Maybe a bit more serious, Katy, I am really envious. I still walk my 2 mile each morning when in Florida while in Indiana I am so busy I skip some of the walking and dig in the garden, mow forest trails, trim trees and keep up all the repairs a woodland in Indiana introduces to its owner.
We will be up on the 18th of March. Our grandson Luke is having a wedding April, 27 and his family is hosting a shower for Prescilla March 23. Grandma does plan to be there.
Our son Todd continues to have back issues with lots of pain. Marc and the twins are doing great, have their own home in Alabama close to their work in Chattanooga, Tn.
We are both doing good and look forward to going North.
We will keep you in our prayers….. Ray
You seem to like challenges: there’s the one back in ’75 when facing your doctoral exams and now there’s a 500 mile trek across the Pyrenees. (To say nothing of the challenges in between.) And you always write.
You write (beautifully) in your early posts about your expectations in meeting people from all over the world. In a world you hold in your hands despite the silence and suffering so many must endure in the face of injustice and cruelty. It is daunting.
The 1975 sonnet you sent to Professor Gitlitz however, was something very different from anything you’ve written before. It is hard for me to imagine you in such a very, very dark state of mind, this negrura inpenetrable.
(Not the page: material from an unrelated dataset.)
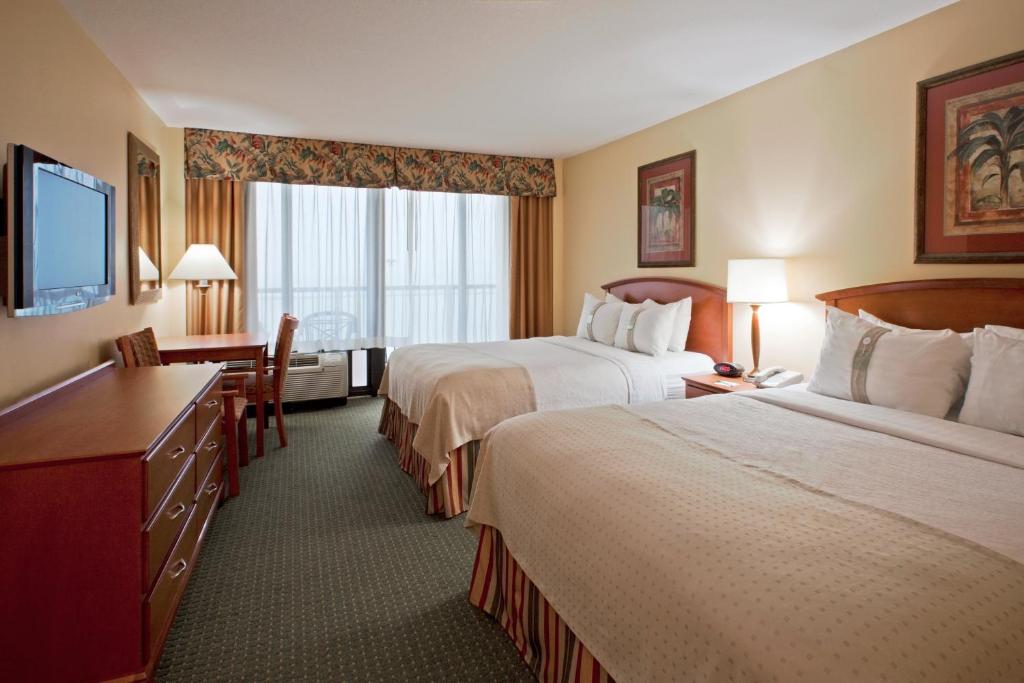 Holiday Inn Hotel & Suites Clearwater Beach an IHG Hotel - image 3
Yet—and this is what’s significant—you still kept writing. In fact, you dealt with your depression by writing a poem of quality instead of, say, seeking relief in a bottle in a bar around the corner while trying to pass a bar exam.
And you’re still writing beautifully. I am enjoying your posts very much. I encourage you to keep writing, especially for those among us who have only our imaginations to cross the Pyrenees. Oh, by the way, a small thing: your reputed wordiness.
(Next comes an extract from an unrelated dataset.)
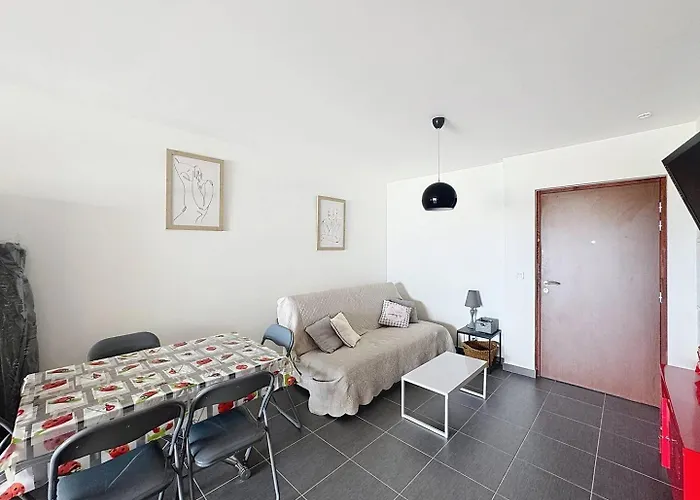 Moderne Avec Grande Terrasse Au Coeur De 公寓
Well, first off—No—you are not wordy. You have the same sort of obsessiveness I admire in certain other writers (I suppose I would go too far by mentioning, dare I say the name, Marcel Proust). You resemble him in having the same incredible precision and focus, and the same sense of nailing a moment in time. No, you are not wordy, just rigorously unpretentious. You always start with a thousand disclaimers and end with a thousand more, often humorous, usually self-deprecating, almost always about being wordy. Which, must I repeat, you are Not. Do I need to say more about being wordy? (I didn’t think so.)
Here’s a question I ask myself: Do I have a duty to follow you on this pilgrimage? This seems a good question and the answer is: Maybe. Sort of. Probably, in some way. But if I think it is my duty to follow you, it’s because we’re interested in epic, writerly ambition. We’re fascinated with what can be done by a person with enough time and focus and sturdy feet. Stop, look around, write about it, as your Mary Oliver wrote. The point is that we’re interested in human possibility, when we are able to cheer each other on to leaps in science and athletics and art and thought and music . . . well, the list goes on.
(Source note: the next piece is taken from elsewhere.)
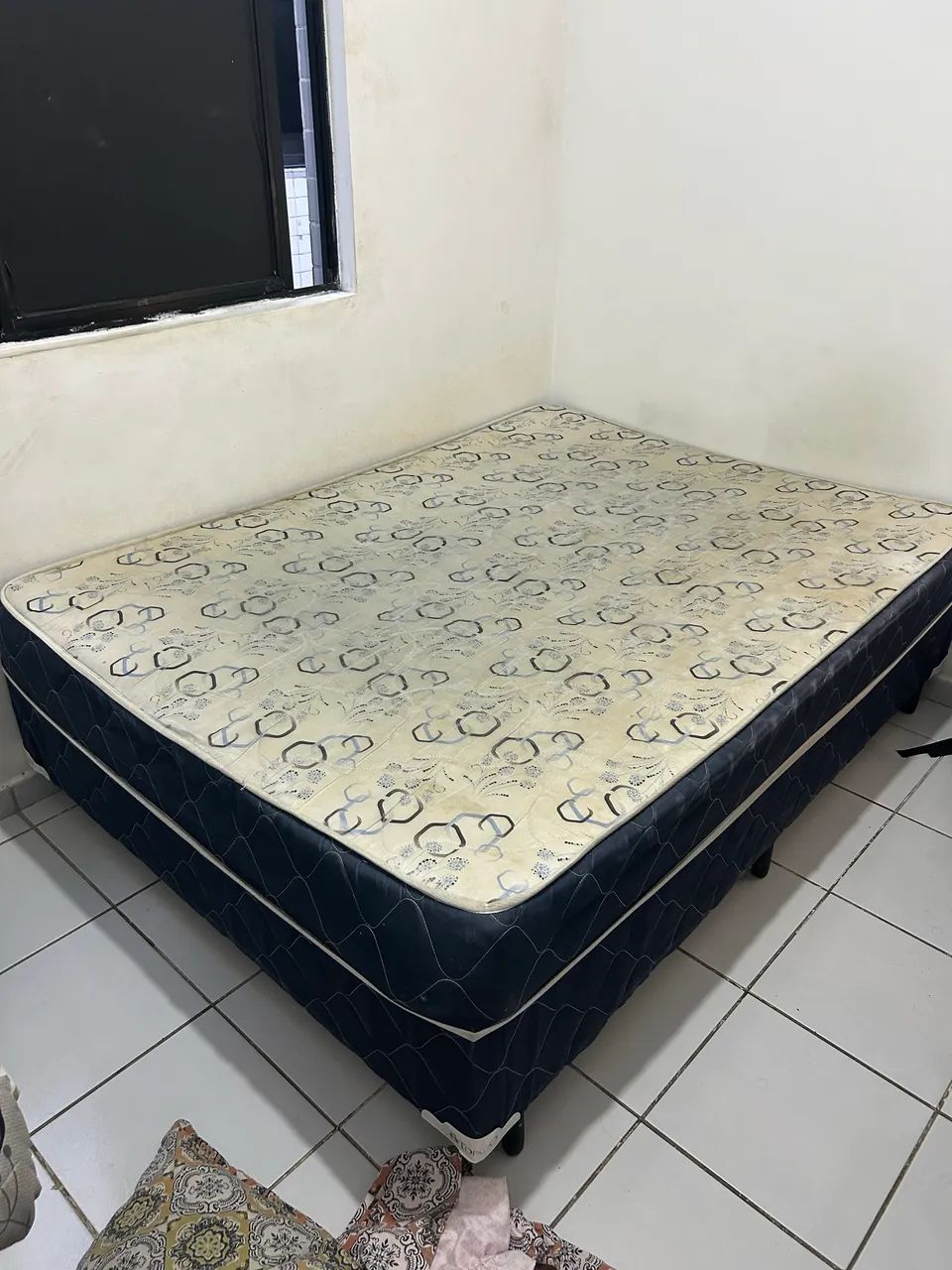Cama Box Casal com Molas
And now, unfortunately, I’m back to the impression that this pilgrimage is daunting. Which it isn’t, really. It’s long, but there are pleasures everywhere. There is humor everywhere. But there is also a very quiet but very sturdy and constant tragic undercurrent that concerns people who are lost, who are lost within their families and lost within their nations, and lost within their time, and who only want some sort of direction, or path, or camino, or way to a sense of community or love. Daunting, yes. Do I have a duty to follow? I think so, yes.
In fact, it would be an honor, even though you’ve quoted those who’ve said I could also go to a desert and simply sit still for three days, or choose among a thousand ways to kiss the ground. What’s left unsaid is that this pilgrimage is also an Adventure. This is supposed to be fun, verdad?